School Van Crashed Into Amphitheater


Lena Hardisty

The placement of the van at 8 a.m.

Lena Hardisty, Editor In Chief

As students and teachers arrived at MIHS Friday June 3, they were greeted by a district-owned van parked in the amphitheater.

Suspected to be a senior prank, the van was driven through and off a ledge with greenery and driven around the amphitheater before being abandoned. Damage to the van occurred when it was driven off of the ledge and dropped onto concrete. The van was initially parked elsewhere in the amphitheater and was moved to a corner by district staff.

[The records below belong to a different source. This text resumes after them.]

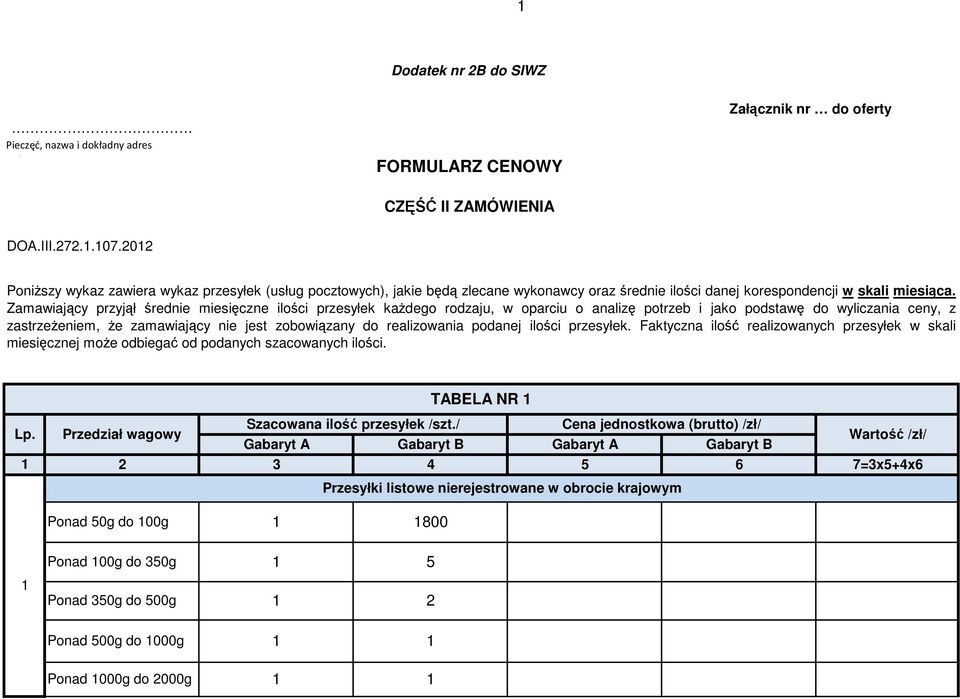 Zamawiający przyjął średnie miesięczne ilości przesyłek kaŝdego rodzaju, w oparciu o analizę potrzeb i jako podstawę do wyliczania ceny, z zastrzeŝeniem, Ŝe zamawiający nie jest zobowiązany do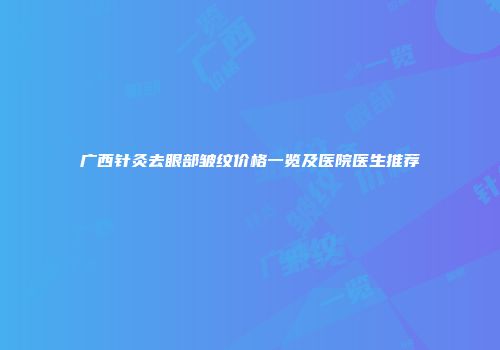 广西针灸去眼部皱纹价格一览及医院医生推荐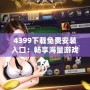 4399下載免費安裝入口：暢享海量游戲樂趣，輕松體驗不容錯過的游戲世界！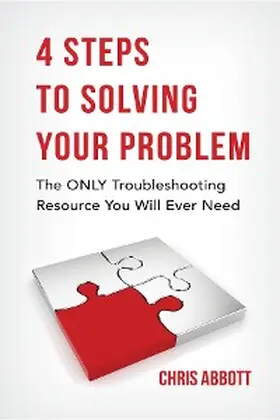 Abbott / Jones |  4 Steps To Solving Your Problem | eBook | Sack Fachmedien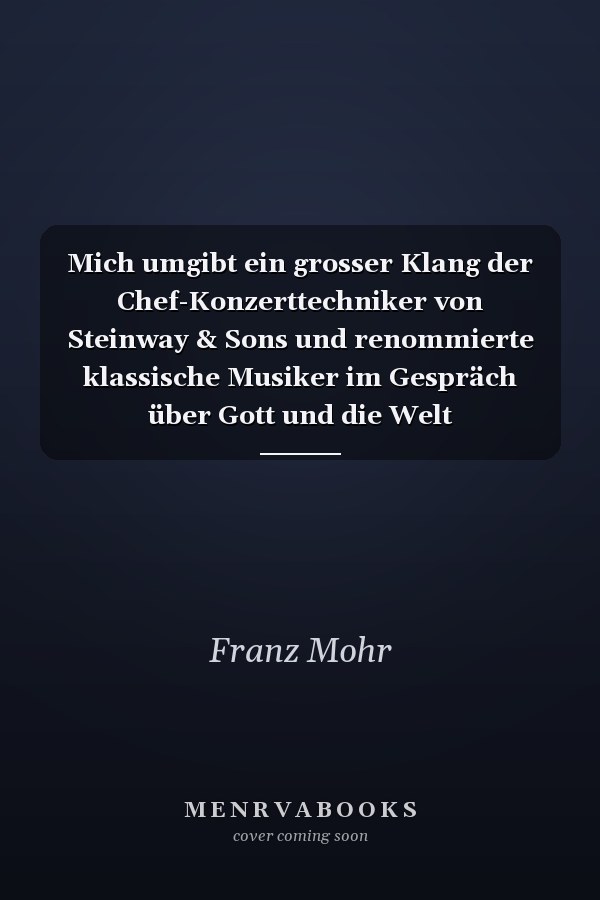 Mich umgibt ein grosser Klang der Chef-Konzerttechniker von Steinway & Sons und renommierte klassische Musiker im Gespräch über Gott und die Welt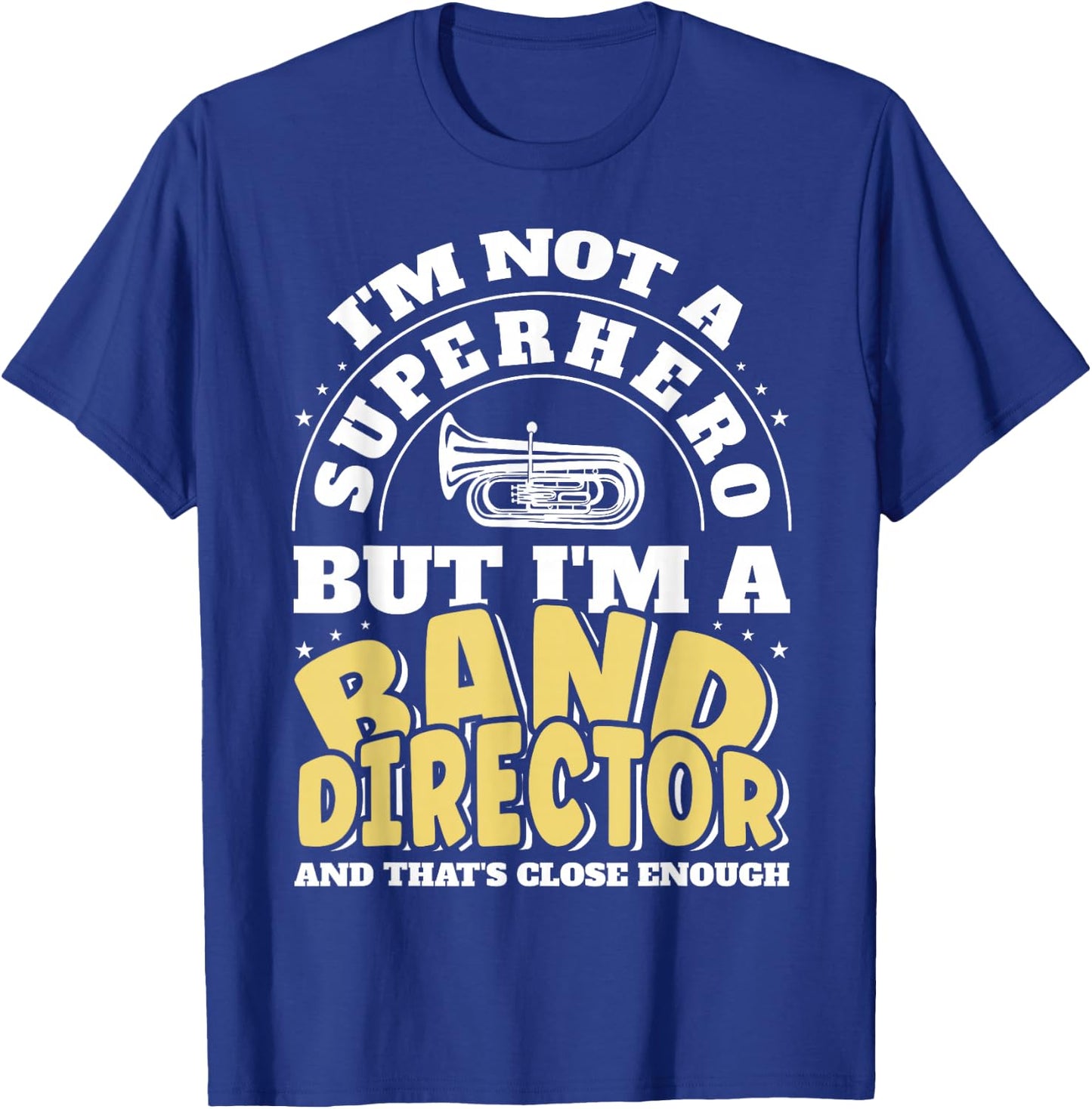 Band Director Superhero Funny Marching Band T-Shirt - T-Shirt | Royal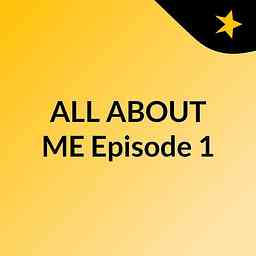 ALL ABOUT ME Episode 1 logo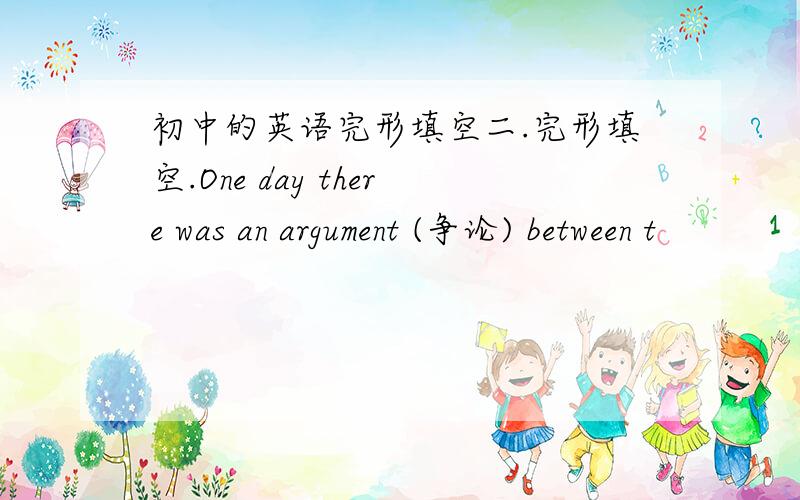 初中的英语完形填空二.完形填空.One day there was an argument (争论) between t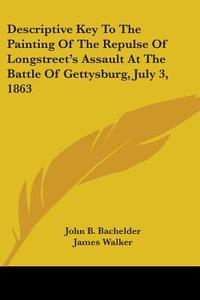 Descriptive Key To The Painting Of The Repulse Of Longstreet's Assault At The Battle Of Gettysburg, July 3, 1863 di John B. Bachelder edito da Kessinger Publishing, Llc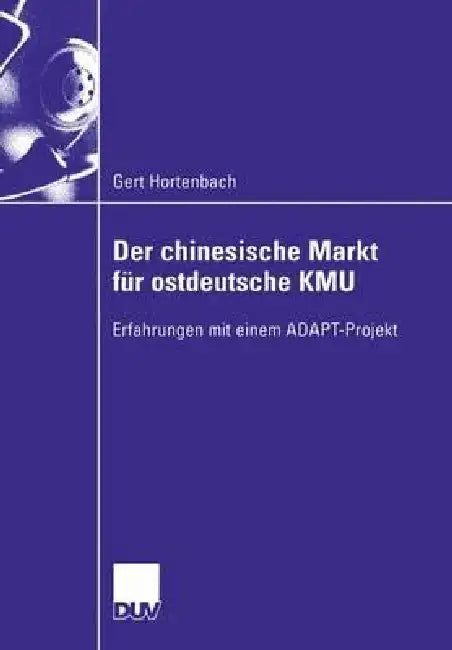 Buy Der Chinesische Markt Für Ostdeutsche Kmu (English, Gert Hortenbach) — BookShops.in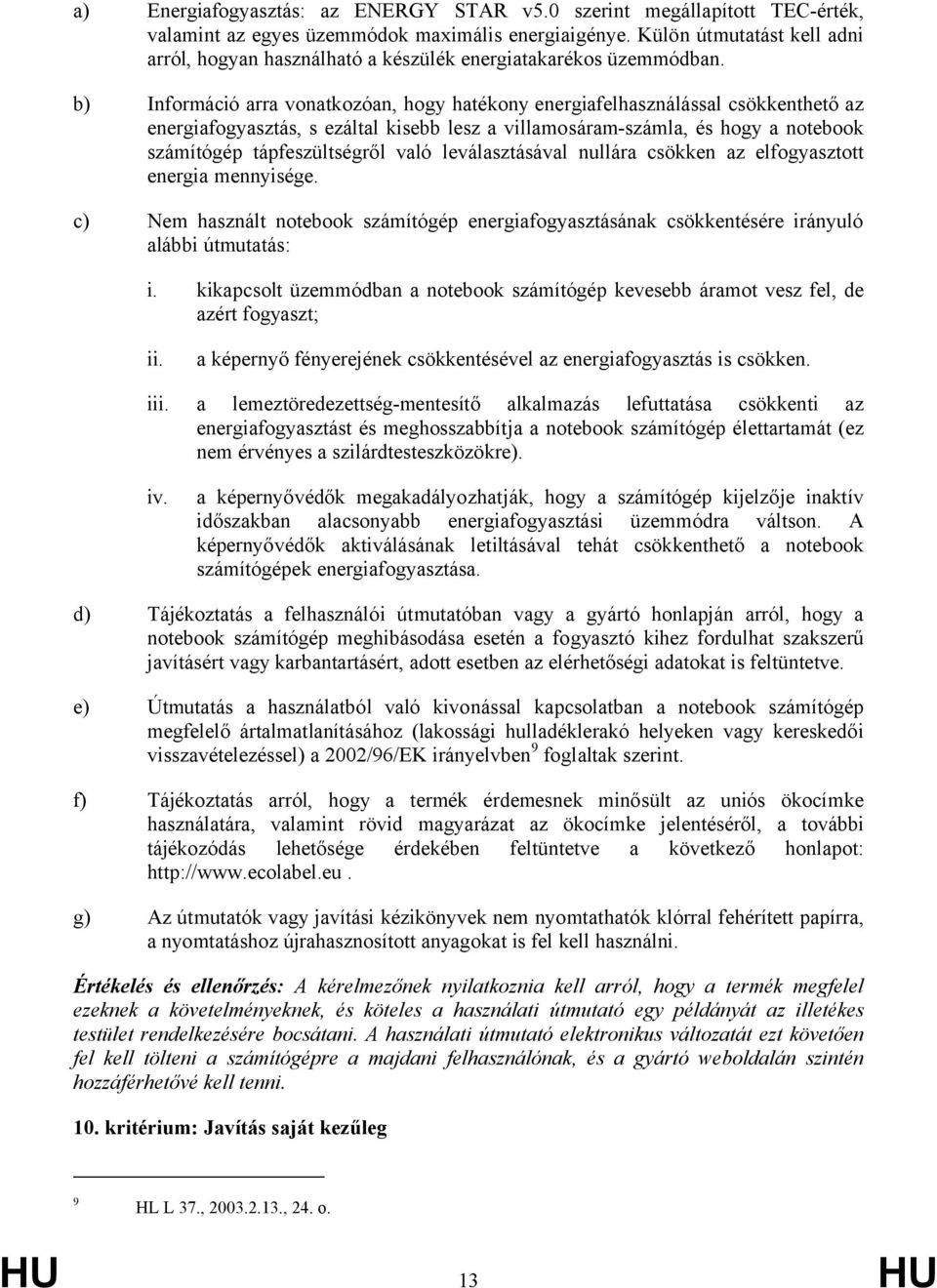 b) Információ arra vonatkozóan, hogy hatékony energiafelhasználással csökkenthető az energiafogyasztás, s ezáltal kisebb lesz a villamosáram-számla, és hogy a notebook számítógép tápfeszültségről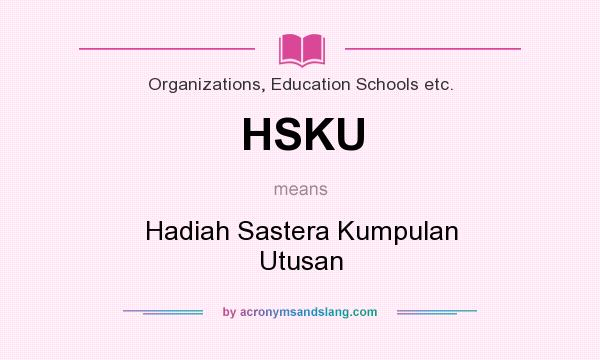 What does HSKU mean? It stands for Hadiah Sastera Kumpulan Utusan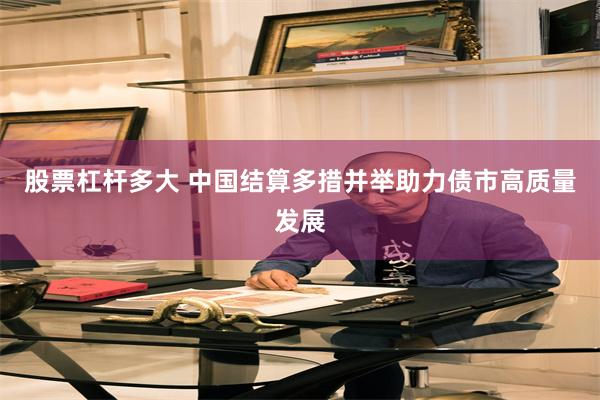 股票杠杆多大 中国结算多措并举助力债市高质量发展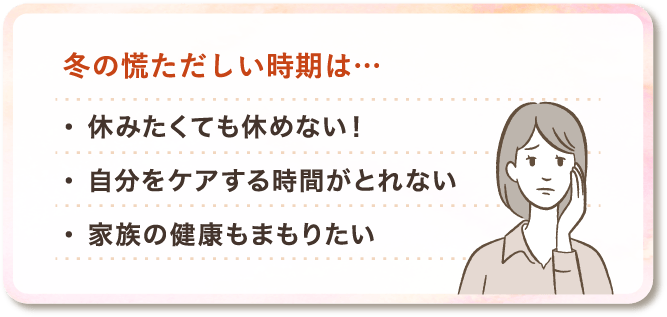 冬の慌ただしい時期は...休みたくても休めない！、自分をケアする時間がとれない、家族の健康もまもりたい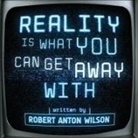 Robert A. Wilson - Reality Is What You Can Get Away With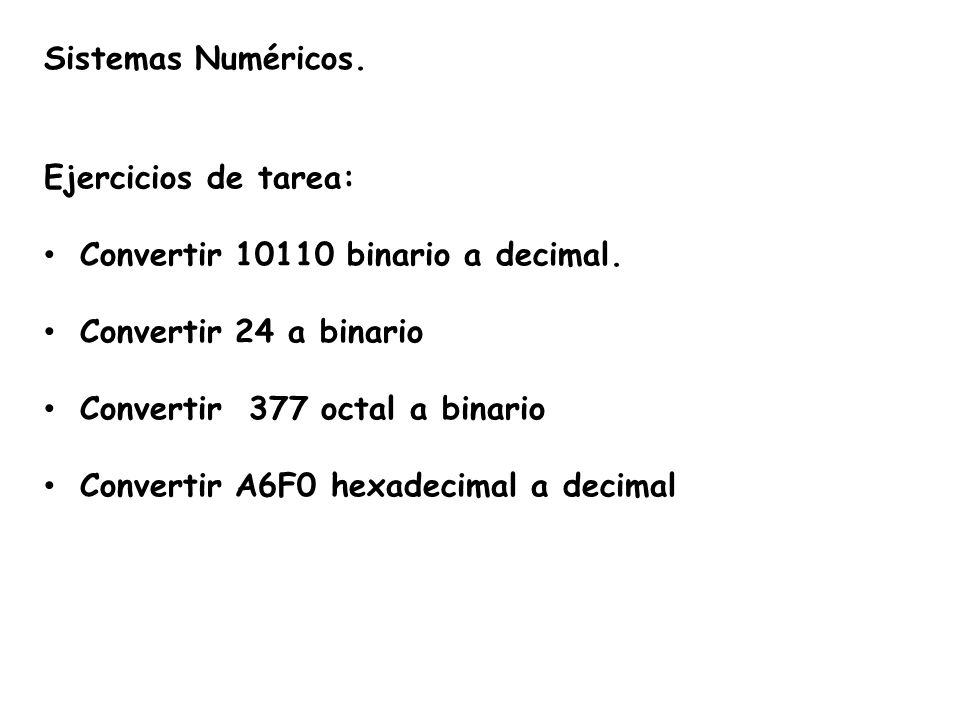 Sistemas Numéricos. Ejercicios de tarea: Convertir binario a decimal. Convertir 24 a binario.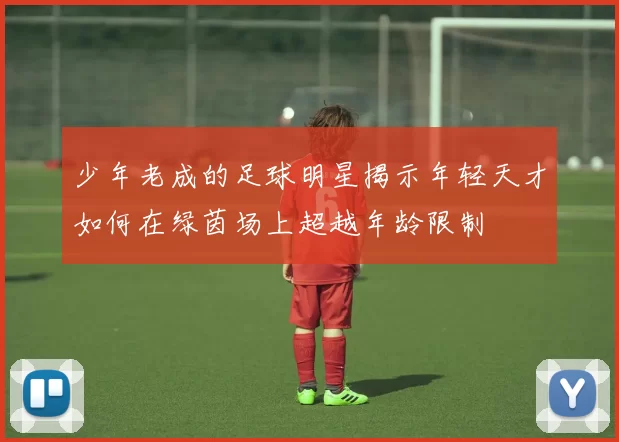 少年老成的足球明星揭示年轻天才如何在绿茵场上超越年龄限制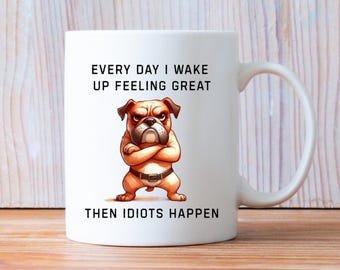 Taza divertida y sarcástica "Every Day I Wake Up", taza humorística y graciosa, regalo para compañero de trabajo, taza con sarcasmo, regalo para mejor amigo/a, taza atrevida.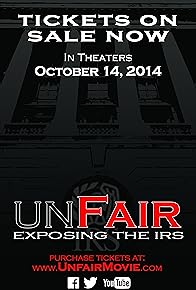 Primary photo for Unfair: Exposing the IRS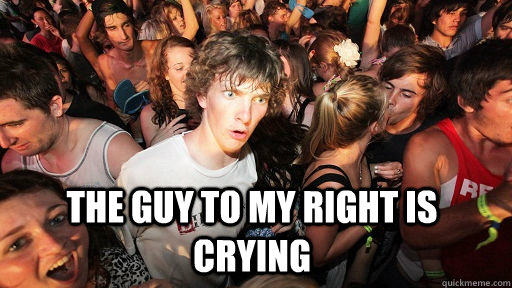  the guy to my right is crying   Sudden Clarity Clarence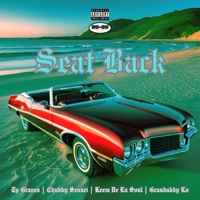 Seat Back (feat. Chubby Senxei, Keem De La Soul & Grandaddy Lo) - Single - Ty Graves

Currently the situation is under police investigation due to overall motor vehicle theft, destruction of school property for both the van and sections of the amphitheater and theft of the back tires of the van. The tires were replaced by district staff to facilitate the movement of the van.

School authorities are currently looking into the situation utilizing the cameras observing the amphitheater and other evidence.

Updates will be posted by the MIHS Islander as the situation progresses.

Update: June 3 1:33 p.m

The information above has been confirmed by associate principal Nick Wold.

“Once students are gone, then it’s our plan to remove it safely so it doesn’t have a further impact on our building or be more of a distraction,” Wold said.

Wold also expressed he cannot currently comment on the ongoing police investigation.

“The assumption is that it is our students, that’s an assumption, I don’t like to make assumptions because I think the world of our kids. Our students are fantastic. So that’s an assumption, not a confirmation. It’s my hope that we’ll have this wrapped up soon with our investigation and the removal of the van,’ Wold said.

“There is an impact on all of these things. There’s financial impact, there’s community impact, there’s a variety of impacts and I just hate that it might be a cloud over all of the wonderful things that are happening at the end of our school year. While people think this is funny, the amount of humans that are affected by this, both adults and students, as well as the impact financially— that’s troubling to me.” Wold said.

“I think sometimes people do things not expecting consequences of not understanding the impact that it has. That hurts, because I love our students  and I love the things we represent in many ways but this is a bad side of things.”